Deja vu … http://www.helium.com/items/116736-home-recording-for-beginners
Original post removed as spam plagiarism
Deja vu … http://www.helium.com/items/116736-home-recording-for-beginners
Original post removed as spam plagiarism
Topic moved to the “Recording Techniques” section.
“Normal” microphones may not be a good choice for “close mic’ing” as the sound pressure level close to a drum skin can be extreme. “Dynamic” microphones can usually handle toms reasonably well, and at a push may do a reasonable job with kick drum and snare, but “normal” condenser or electret microphones are likely to be badly overloaded, reducing the sound quality of the recording and possibly causing permanent damage to the microphone.
Unless it is acceptable to have a very “distant” sound of the drum kit, the minimum number of microphones is likely to be 2. One for the kick drum and one for the rest. Personally I quite like using 3 microphones - one for the kick drum and a pair of overheads for the rest of the kit.

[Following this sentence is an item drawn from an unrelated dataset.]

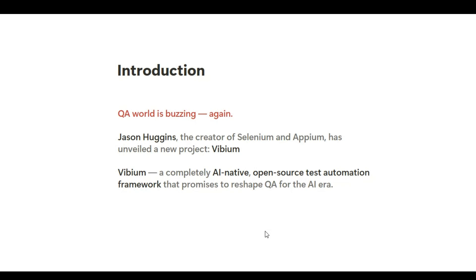Hey guys, welcome again to this YouTube channel. It's been a long time since I have posted any video. Guys, if you are from the QA community, you must have heard about the buzz going around in the market — a new AI tool is coming from the founder of Selenium and APM. Jason Huggins dropped a video on YouTube hinting at this.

This can produce a very natural well balanced sound, but requires nice acoustics in the room where the recording takes place.
For a big “rock” sound, there is little alternative to close mic’ing the entire kit - or at the very least, least separate mics for snare and kick drum.

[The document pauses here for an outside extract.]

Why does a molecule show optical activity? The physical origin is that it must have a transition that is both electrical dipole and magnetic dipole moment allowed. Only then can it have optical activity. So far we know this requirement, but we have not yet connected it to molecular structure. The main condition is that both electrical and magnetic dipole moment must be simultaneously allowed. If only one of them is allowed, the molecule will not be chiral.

The other alternative is to use electronic drums, unless the idea of that makes you feel queasy
My top tips for home recording would be, 1) pay a good deal of attention to microphone placement, and the acoustic of the room where you are recording and recording levels. Lots of soft furnishings, carpets and curtains can help reduce unwanted echoes. Well recorded source material will greatly improve the ease of producing a good mix, but poor source material makes it extremely difficult or impossible to get a good finished product. 2) Don’t delay recording - even a bad, unusable take is useful experience.
Unfortunately it appears that the original poster has been deleted - probably due to plagiarising Chris Wickham’s article with the intent of sneaking spam through the system.

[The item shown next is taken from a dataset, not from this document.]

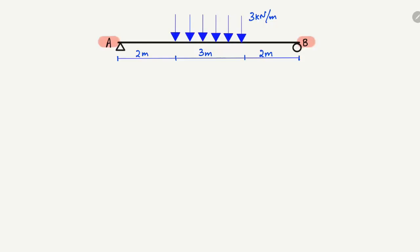There is a uniformly distributed load of 3 kilonewton per meter distributed over a length of 3 meters. We have to analyze this beam by finding out its support reactions. The length is 2 meters without any load on the left side, and also 2 meters without any load on the right side.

I say “unfortunately” because there were a couple of interesting points, and a forum topic about multi-track home recording could be informative and interesting for many users. If anyone would like to contribute to a discussion and tips from their own experience of multi-track recording, please feel free to do so. (not an invitation to spammers )
Hello!
can anyone tell me how to get rid of some background noises?
<<<can anyone tell me how to get rid of some background noises?>>>
Highly likely, but not from where you posted. Nobody will ever find you down here. Copy your post and navigate to here…
http://forum.audacityteam.org/
Then scroll down until you get to your version of Audacity, and scroll some more until you get to your computer type and post your brains out.